-- EXERCISE DESCRIPTION --
Give a verbatim repeat of the lines that run from the line containing "Apartamento, 2 quartos, 51 m² - Foto 30" to the end of the data below.

-- Items from a dataset --
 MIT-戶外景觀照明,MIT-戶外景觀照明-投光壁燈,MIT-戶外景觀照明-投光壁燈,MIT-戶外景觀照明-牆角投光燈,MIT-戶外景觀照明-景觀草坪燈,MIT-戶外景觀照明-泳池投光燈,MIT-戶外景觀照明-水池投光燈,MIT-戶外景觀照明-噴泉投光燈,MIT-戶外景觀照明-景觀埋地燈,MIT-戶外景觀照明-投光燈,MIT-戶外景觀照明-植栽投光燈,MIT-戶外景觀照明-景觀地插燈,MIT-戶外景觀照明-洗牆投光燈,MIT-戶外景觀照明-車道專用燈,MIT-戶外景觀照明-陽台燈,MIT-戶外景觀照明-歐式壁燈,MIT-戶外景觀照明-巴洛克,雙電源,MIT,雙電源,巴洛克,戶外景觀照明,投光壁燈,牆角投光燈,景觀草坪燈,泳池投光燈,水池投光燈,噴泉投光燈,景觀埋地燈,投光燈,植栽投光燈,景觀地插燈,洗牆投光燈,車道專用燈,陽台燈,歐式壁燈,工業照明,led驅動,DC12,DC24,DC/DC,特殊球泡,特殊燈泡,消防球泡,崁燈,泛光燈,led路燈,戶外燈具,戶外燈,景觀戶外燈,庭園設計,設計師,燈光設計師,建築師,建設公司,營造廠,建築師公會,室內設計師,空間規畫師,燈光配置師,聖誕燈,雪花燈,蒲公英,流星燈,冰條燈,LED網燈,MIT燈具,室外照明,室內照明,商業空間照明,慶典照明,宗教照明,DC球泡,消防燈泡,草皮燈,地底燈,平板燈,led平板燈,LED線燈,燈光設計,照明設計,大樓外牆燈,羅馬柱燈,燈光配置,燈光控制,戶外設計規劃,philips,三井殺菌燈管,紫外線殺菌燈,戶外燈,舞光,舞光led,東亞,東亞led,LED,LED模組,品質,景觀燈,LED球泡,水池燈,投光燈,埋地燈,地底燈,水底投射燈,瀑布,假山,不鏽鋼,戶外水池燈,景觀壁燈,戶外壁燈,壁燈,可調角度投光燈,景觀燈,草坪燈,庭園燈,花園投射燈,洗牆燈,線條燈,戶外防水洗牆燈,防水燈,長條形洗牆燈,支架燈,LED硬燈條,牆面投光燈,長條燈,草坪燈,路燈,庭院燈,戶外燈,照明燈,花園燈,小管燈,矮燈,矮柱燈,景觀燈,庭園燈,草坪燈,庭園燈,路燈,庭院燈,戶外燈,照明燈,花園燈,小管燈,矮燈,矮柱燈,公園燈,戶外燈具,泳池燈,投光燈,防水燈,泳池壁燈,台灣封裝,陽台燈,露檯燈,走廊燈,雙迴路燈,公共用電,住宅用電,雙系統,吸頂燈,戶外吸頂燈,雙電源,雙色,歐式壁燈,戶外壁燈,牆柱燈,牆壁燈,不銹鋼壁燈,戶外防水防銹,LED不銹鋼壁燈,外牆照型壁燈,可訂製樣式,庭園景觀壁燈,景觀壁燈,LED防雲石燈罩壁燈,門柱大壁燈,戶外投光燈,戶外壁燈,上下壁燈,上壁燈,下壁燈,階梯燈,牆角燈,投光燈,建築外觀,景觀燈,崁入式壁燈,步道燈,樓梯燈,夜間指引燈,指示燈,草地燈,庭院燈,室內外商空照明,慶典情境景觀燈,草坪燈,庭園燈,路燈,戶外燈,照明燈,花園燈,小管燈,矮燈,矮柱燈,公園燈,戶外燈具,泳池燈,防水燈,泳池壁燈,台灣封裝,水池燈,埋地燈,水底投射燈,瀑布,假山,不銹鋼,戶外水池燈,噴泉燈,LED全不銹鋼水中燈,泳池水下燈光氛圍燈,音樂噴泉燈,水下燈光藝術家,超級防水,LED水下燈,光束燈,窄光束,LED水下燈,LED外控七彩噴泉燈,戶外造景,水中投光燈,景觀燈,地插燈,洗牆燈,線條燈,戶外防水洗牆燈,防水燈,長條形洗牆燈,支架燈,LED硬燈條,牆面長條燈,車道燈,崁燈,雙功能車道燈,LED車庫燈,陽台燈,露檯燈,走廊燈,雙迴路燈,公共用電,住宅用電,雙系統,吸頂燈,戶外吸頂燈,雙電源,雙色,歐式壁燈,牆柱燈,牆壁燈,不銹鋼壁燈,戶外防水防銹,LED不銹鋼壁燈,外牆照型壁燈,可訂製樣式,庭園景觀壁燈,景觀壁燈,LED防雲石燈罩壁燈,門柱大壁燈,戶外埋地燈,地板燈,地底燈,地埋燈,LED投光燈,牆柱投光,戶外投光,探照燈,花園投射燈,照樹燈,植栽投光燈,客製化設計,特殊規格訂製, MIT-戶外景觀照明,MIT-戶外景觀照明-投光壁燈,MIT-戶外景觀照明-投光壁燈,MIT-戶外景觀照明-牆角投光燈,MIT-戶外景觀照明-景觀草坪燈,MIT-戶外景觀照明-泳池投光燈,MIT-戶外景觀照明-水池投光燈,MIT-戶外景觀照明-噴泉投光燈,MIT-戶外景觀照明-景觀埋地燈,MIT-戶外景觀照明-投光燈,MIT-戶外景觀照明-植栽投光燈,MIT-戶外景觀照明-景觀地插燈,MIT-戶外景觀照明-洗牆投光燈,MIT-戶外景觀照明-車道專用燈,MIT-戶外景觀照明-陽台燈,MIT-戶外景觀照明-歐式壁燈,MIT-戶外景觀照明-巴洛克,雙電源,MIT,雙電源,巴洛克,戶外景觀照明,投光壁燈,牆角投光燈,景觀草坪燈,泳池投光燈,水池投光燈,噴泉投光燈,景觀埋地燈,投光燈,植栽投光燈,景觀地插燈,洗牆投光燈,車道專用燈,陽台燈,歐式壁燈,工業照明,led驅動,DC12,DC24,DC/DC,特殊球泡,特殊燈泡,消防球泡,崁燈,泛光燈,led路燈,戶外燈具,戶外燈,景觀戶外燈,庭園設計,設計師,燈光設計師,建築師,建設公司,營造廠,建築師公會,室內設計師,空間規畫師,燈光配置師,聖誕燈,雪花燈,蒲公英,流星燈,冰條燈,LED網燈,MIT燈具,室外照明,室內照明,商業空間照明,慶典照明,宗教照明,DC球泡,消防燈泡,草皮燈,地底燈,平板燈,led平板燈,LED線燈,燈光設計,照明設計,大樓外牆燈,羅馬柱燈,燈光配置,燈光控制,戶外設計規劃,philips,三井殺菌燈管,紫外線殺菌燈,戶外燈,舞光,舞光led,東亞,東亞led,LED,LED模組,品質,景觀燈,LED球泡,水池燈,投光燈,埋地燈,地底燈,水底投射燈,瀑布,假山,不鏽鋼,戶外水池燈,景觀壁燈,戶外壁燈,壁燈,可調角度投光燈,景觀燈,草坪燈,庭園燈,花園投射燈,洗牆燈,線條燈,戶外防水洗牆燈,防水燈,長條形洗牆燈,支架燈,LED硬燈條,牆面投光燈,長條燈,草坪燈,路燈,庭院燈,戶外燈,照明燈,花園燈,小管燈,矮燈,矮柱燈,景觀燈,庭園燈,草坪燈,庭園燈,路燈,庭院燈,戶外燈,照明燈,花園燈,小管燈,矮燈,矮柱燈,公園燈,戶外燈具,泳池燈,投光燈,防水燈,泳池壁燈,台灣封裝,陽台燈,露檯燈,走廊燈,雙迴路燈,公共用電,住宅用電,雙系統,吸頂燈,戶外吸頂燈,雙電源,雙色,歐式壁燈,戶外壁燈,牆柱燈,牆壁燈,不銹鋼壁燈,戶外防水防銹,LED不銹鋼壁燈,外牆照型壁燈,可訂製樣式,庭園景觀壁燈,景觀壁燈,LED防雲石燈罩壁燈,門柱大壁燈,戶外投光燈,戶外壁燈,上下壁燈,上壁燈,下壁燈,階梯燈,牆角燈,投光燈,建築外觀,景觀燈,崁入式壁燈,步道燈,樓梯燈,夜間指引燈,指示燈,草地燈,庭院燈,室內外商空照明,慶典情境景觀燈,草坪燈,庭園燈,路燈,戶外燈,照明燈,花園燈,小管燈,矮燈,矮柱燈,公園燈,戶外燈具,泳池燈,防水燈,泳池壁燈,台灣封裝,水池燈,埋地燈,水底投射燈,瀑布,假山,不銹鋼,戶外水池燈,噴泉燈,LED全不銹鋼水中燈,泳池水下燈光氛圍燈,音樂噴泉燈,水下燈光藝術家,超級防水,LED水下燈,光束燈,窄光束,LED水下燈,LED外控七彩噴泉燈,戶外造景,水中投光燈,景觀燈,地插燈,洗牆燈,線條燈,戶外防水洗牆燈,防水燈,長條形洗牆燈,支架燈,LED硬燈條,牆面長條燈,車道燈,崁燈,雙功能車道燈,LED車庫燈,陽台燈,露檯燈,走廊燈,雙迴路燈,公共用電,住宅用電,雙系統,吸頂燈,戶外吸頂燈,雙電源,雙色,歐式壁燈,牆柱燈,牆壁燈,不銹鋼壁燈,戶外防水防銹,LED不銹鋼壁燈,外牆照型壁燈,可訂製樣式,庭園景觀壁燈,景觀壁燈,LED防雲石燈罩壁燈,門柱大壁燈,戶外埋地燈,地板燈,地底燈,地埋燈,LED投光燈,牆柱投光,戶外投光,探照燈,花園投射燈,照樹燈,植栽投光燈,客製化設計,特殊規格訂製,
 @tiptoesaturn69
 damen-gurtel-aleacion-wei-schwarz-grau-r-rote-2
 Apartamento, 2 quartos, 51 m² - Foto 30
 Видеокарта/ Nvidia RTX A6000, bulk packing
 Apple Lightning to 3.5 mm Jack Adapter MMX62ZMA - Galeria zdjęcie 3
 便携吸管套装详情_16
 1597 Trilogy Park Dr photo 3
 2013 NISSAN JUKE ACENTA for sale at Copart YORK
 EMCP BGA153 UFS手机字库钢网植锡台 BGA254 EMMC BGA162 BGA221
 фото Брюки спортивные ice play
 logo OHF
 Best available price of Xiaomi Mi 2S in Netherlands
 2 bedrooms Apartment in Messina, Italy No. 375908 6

-- RESPONSE BELOW --
 Apartamento, 2 quartos, 51 m² - Foto 30
 Видеокарта/ Nvidia RTX A6000, bulk packing
 Apple Lightning to 3.5 mm Jack Adapter MMX62ZMA - Galeria zdjęcie 3
 便携吸管套装详情_16
 1597 Trilogy Park Dr photo 3
 2013 NISSAN JUKE ACENTA for sale at Copart YORK
 EMCP BGA153 UFS手机字库钢网植锡台 BGA254 EMMC BGA162 BGA221
 фото Брюки спортивные ice play
 logo OHF
 Best available price of Xiaomi Mi 2S in Netherlands
 2 bedrooms Apartment in Messina, Italy No. 375908 6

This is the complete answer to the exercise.